Figure 2470) shows degree of BAp orientation intensity ratio of (002)/(310) showing recovery of local BMD and BAp c-axis alignment in the regenerated ulna. The diffracted intensity ratio of (002)/(310) in the regenerated bone tissue increases significantly Significant increases were observed from 12 through 24 weeks in both local BMD and intensity ratio. There are no significant differences from baseline (intact bone) at 24 weeks in either local BMD or the intensity ratio. Thus, in regeneration of rabbit ulnas, where controlled release of rBMP-2 is carried out, recovery of the preferential BAp c-axis orientation tends to follow that of BMD.
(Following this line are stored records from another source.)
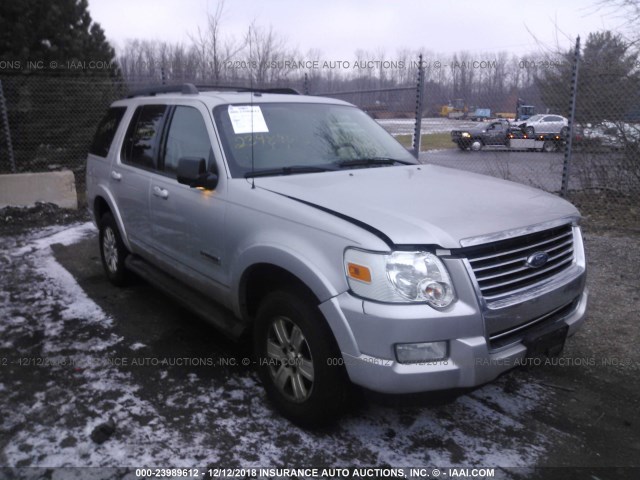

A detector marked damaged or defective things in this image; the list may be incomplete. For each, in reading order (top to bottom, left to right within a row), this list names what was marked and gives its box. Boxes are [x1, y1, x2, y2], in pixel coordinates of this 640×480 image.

cracked hood [255, 164, 580, 248] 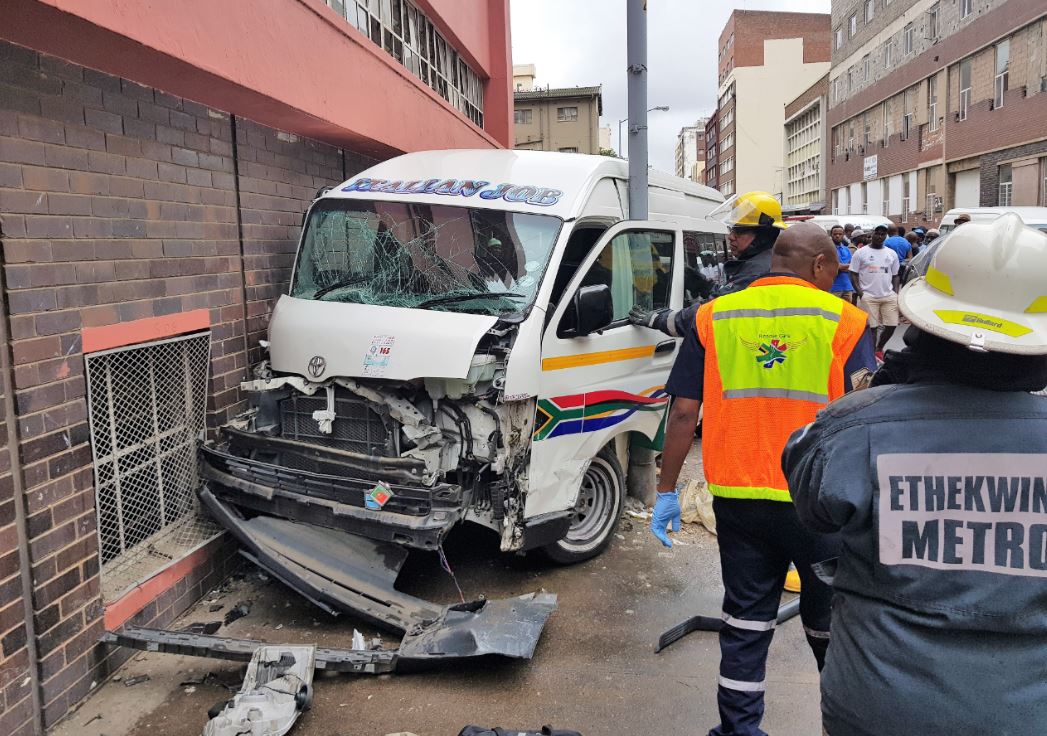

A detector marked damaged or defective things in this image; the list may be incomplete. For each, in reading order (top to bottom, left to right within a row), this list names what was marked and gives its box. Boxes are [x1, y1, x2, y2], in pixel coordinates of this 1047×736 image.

shattered glass windshield [286, 198, 565, 316]
cracked windshield [291, 199, 561, 316]
broken grille [87, 330, 220, 603]
detached front bumper [202, 429, 464, 548]
broken grille [278, 391, 393, 454]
Degree of BAp orientation intensity ratio of (002)/(310) showing recovery of local BMD and BAp c-axis alignment in the regenerated ulna.
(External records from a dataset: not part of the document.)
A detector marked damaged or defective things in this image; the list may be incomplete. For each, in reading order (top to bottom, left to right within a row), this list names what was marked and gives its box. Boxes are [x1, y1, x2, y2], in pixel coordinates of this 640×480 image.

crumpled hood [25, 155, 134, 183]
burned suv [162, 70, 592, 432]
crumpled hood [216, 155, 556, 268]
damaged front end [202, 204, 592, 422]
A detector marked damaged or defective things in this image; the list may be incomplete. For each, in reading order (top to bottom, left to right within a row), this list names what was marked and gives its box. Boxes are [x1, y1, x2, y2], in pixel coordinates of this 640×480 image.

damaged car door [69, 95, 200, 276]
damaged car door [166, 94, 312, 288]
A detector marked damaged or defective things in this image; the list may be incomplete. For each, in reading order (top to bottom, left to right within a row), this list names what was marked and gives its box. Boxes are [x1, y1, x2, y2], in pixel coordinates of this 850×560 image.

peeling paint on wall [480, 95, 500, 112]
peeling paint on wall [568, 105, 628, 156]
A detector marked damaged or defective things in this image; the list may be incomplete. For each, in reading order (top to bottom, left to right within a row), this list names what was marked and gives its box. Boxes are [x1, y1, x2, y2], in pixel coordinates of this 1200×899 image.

Above results leads to groove design of the surface of the implant, which is favorable for the rapid bone fusion with implant as shown in Fig. 2512). A maximum principle stress is found to be distributed in 60° grooves by FEM: this alignment is favored for bone growth12).
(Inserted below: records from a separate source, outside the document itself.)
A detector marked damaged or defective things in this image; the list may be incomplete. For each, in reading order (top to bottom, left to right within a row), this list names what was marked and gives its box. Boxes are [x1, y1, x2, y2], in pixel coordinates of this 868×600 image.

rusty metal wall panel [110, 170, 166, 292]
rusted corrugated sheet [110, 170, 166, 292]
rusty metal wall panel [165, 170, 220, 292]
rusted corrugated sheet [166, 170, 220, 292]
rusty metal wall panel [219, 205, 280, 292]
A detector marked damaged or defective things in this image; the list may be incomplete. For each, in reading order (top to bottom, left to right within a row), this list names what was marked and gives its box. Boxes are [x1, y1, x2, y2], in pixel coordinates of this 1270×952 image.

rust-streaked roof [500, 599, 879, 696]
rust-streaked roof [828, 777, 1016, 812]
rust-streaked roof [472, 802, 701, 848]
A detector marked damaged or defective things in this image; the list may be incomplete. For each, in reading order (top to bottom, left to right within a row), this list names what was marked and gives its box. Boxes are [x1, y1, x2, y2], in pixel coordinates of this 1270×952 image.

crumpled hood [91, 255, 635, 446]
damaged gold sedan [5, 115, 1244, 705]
3D FEA (finite element analysis) model of the beagle femur–artificial hip joint implant used in this study. (A) Two types of groove angle combinations on the surface of the proximal medial region ofthe femoral stem: (60°/0°/−60°) groove and (30°/0°/−30°) groove. (B) Definition of the angle, θ, between groove wall and the maximum principal stress direction in the groove. (C) Loading and boundary conditions used for FEA.
Mechanical biocompatibility is evaluated by taking into consideration both the biomaterials and the living tissue (bone). The similarity in Young's moduli between the biomaterial and the living tissues a measure of mechanical biocompatibility has been considered for designing metallic biomaterials, with focus on Ti alloys. The design of Ti alloys with self-adjusting Young's modulus for biomedical applications, which satisfy the demands of both patients and surgeons (i. e., a low Young's modulus for patients and a high Young's modulus for surgeons) has progressed. Imparting mechanical biocompatibility to biomaterials, which self-adjusts to match that of living tissue, is required in addition to controlling general mechanical properties. Research on the biofunctioal surface modification needs progress into the 5th generation stage. Nowadays, research and development of Zr based alloys for biomedical applications are getting much attentions. Additive manufacturing (AM) using SLM and EBM are aggressively applied to fabricate implants made of metallic biomaterials. Bone orientation design on the surface of the implant is effective for the rapid fusion of implant with bone.